So I have gotten the test set to work fine and that is all peachy.

My problem is that in real life we would then take this model and we would have it run against a completely new row of data and produce a prediction against that data. Imagine we found new data on titanic passengers and we wanted to predict whether they survived or not.

What I want to work out is how to run learn.predict() on a new row and produce a result.

I have taken 1 row of the test set and held it aside in predict_df and then after I have run the full training I want to run the model against predict_df. This is where I am stuck.
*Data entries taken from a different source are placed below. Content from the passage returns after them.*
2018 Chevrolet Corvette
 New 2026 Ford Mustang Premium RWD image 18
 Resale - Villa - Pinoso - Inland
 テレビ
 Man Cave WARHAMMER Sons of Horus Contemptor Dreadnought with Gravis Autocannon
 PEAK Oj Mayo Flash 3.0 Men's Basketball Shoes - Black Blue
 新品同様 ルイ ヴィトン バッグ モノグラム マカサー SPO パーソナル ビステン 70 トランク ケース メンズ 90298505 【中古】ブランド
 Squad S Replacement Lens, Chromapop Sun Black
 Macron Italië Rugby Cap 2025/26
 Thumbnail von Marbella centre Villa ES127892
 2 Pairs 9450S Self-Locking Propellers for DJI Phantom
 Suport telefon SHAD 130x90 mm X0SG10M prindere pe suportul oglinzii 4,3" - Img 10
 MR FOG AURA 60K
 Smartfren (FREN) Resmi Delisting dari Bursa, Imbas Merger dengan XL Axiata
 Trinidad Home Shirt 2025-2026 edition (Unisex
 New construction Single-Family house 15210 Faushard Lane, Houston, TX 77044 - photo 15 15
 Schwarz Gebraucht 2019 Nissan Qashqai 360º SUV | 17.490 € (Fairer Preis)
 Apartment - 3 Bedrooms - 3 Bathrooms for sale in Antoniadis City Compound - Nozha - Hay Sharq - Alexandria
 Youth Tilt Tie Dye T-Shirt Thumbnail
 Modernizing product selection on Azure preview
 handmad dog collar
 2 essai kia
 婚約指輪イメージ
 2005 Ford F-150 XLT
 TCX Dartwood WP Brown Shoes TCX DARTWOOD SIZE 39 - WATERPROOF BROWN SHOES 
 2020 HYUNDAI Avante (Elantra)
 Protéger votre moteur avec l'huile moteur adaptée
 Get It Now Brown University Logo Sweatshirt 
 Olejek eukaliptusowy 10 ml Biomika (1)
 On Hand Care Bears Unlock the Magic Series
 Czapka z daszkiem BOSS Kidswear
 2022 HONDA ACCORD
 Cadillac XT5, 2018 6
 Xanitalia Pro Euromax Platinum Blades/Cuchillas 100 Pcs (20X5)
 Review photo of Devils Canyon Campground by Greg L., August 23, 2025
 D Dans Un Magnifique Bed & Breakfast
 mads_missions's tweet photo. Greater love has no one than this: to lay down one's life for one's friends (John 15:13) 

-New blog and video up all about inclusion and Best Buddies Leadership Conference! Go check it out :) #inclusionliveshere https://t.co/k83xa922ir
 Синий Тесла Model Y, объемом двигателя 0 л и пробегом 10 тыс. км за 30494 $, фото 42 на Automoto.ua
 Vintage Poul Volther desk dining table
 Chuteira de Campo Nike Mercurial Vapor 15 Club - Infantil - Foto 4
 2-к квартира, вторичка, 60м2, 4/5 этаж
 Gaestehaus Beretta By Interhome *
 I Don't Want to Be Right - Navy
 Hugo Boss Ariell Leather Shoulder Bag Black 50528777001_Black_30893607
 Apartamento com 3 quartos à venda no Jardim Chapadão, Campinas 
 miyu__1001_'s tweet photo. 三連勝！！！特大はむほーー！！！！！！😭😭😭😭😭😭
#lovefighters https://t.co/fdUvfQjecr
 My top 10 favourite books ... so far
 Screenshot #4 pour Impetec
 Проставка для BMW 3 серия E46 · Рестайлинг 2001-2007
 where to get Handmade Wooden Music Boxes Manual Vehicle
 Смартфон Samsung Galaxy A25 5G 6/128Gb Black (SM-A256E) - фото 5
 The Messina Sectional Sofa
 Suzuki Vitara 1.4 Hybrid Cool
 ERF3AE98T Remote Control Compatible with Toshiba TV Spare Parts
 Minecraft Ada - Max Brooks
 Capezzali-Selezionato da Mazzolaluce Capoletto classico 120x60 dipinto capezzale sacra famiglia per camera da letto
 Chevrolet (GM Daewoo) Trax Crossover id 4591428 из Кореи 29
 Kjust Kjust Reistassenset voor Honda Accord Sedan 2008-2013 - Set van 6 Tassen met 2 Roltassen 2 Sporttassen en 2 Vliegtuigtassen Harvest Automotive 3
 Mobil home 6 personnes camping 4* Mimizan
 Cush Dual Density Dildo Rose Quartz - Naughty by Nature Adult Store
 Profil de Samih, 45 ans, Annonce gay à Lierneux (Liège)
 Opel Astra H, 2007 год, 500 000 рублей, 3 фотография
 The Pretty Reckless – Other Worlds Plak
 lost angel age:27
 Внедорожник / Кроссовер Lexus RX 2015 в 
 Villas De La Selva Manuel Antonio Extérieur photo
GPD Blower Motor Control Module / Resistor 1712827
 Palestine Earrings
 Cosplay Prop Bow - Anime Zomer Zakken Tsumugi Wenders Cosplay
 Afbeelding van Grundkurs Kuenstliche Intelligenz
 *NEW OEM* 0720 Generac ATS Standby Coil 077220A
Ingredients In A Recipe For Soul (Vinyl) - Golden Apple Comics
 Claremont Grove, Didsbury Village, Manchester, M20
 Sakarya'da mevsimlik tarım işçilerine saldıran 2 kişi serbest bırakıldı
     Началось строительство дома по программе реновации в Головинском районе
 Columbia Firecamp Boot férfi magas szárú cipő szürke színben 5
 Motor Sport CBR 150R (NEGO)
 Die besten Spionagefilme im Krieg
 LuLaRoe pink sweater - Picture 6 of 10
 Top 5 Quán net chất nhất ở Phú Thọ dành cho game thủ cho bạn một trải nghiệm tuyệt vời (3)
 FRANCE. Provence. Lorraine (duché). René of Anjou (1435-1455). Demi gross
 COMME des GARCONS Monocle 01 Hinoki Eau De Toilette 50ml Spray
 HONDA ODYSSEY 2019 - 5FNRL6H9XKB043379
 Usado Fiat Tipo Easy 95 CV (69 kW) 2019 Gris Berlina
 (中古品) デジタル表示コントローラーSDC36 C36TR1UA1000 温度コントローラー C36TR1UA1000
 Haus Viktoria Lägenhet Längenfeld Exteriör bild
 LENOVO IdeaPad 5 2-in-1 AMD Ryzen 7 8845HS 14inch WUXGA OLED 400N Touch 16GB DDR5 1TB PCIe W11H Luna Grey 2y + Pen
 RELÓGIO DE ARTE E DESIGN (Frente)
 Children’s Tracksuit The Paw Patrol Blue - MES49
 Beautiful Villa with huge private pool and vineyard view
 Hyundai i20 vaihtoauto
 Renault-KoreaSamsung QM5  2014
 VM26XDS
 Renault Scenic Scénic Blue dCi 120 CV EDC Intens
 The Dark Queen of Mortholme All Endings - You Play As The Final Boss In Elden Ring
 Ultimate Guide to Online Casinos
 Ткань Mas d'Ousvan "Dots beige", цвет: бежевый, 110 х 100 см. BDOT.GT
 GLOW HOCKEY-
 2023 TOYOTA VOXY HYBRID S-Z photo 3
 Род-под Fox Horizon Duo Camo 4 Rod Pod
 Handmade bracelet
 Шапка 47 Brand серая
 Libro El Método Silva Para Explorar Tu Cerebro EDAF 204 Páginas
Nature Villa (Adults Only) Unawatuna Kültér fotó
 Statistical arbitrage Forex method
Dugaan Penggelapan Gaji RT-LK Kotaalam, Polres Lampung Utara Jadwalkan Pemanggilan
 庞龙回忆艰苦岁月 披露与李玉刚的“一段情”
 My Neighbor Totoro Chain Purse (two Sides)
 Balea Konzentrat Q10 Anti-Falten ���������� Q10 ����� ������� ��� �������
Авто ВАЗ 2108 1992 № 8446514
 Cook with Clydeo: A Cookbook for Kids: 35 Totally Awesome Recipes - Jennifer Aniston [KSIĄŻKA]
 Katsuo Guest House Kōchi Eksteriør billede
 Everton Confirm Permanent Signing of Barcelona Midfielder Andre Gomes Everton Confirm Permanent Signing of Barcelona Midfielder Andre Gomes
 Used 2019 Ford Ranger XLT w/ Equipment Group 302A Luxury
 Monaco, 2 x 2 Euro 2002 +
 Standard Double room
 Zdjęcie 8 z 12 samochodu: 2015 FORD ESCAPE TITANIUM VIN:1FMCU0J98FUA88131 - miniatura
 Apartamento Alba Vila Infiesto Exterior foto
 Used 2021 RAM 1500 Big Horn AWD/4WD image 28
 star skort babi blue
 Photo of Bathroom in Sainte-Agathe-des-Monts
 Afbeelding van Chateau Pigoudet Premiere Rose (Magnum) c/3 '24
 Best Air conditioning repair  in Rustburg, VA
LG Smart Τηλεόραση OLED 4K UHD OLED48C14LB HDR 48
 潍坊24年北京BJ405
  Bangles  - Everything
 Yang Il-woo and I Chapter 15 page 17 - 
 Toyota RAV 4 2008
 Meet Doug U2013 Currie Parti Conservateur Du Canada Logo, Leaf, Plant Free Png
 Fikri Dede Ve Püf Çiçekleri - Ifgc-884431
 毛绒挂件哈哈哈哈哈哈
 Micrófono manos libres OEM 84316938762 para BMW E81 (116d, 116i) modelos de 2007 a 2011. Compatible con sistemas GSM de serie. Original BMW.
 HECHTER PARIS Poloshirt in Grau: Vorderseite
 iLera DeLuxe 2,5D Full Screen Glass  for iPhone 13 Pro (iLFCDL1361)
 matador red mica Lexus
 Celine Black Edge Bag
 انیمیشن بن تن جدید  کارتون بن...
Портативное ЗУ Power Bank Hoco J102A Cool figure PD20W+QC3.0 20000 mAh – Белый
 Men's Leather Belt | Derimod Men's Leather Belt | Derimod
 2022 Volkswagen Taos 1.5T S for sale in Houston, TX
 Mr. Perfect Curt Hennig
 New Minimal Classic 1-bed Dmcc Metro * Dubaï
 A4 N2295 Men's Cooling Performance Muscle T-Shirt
garyLeung · May 7, 2019, 9:43pm

Hi everyone,

I am working on the titanic project as well and my accuracy was stuck around 0.82. I used similar method as the link shared : https://github.com/berndheidemann/notebooks_fastai/blob/master/titanic.ipynb

I tried to vary the layers in learner model and lr , but it doesn’t really help. I just wonder if you guys have any better method to handle this as the leaderboard has score 1. Do you know if they use stacked ML models as suggested in one of the kernels (https://www.kaggle.com/arthurtok/introduction-to-ensembling-stacking-in-python)

are there any ways we can do better with fastai model?

ulat · July 8, 2019, 9:45am

Hi! I also want to improve my score. With a basic fast.ai tabular model I get a public score about 0.77***

Changing the number of training epochs and the layers sizes doesn’t really improve.

I added three boolean feature on the price-category of the fare.

I think the validation curve is really bad, isn’t it? Validation error only oscillates but doesn’t really go down while doing 200 epochs. (Similar curve with 100 or 20 epochs)